=== Begin Enclosure ===

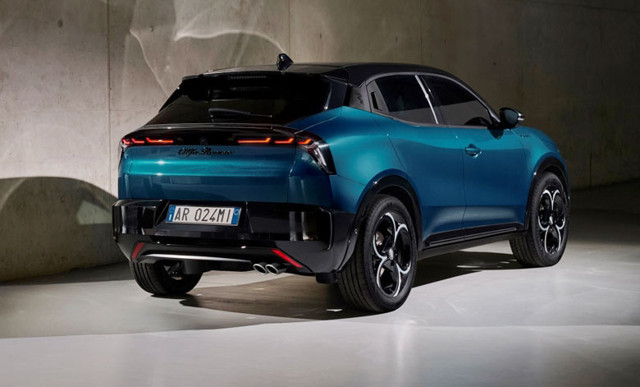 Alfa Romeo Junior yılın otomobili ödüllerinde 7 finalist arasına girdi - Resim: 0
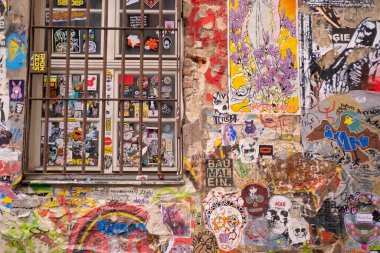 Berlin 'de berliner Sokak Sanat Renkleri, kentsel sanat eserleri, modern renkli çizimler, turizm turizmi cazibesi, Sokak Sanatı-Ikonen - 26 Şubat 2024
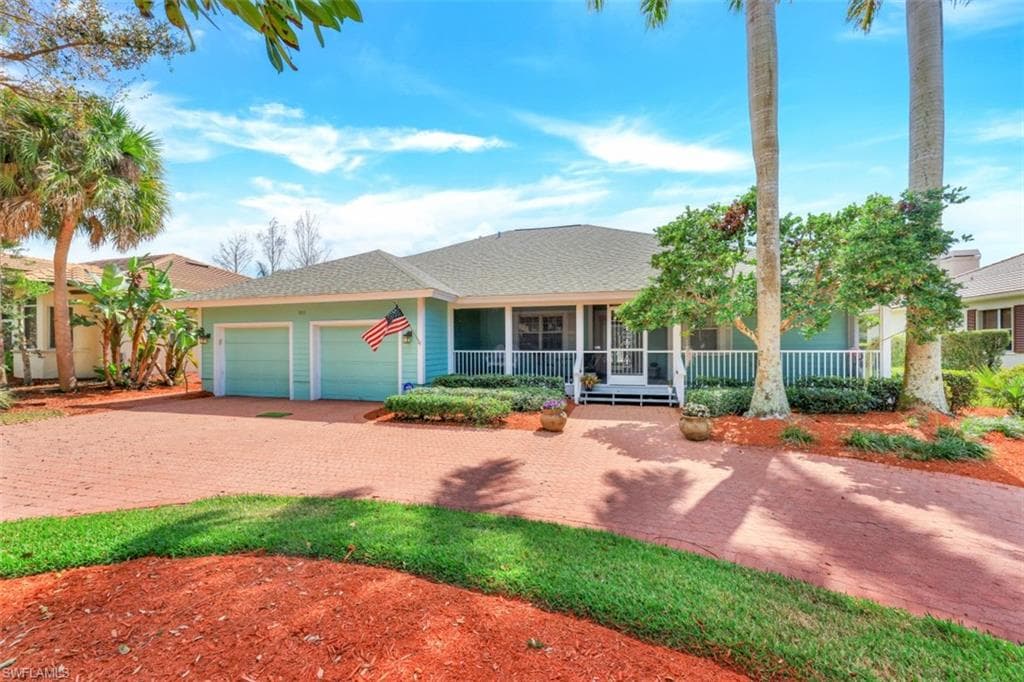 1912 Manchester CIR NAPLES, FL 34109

=== End Enclosure ===

▶ **Your instructions**
Repeat the full listing above without altering a word, and skip the pictures.

▶ **Result**
 Alfa Romeo Junior yılın otomobili ödüllerinde 7 finalist arasına girdi - Resim: 0
 Berlin 'de berliner Sokak Sanat Renkleri, kentsel sanat eserleri, modern renkli çizimler, turizm turizmi cazibesi, Sokak Sanatı-Ikonen - 26 Şubat 2024
 1912 Manchester CIR NAPLES, FL 34109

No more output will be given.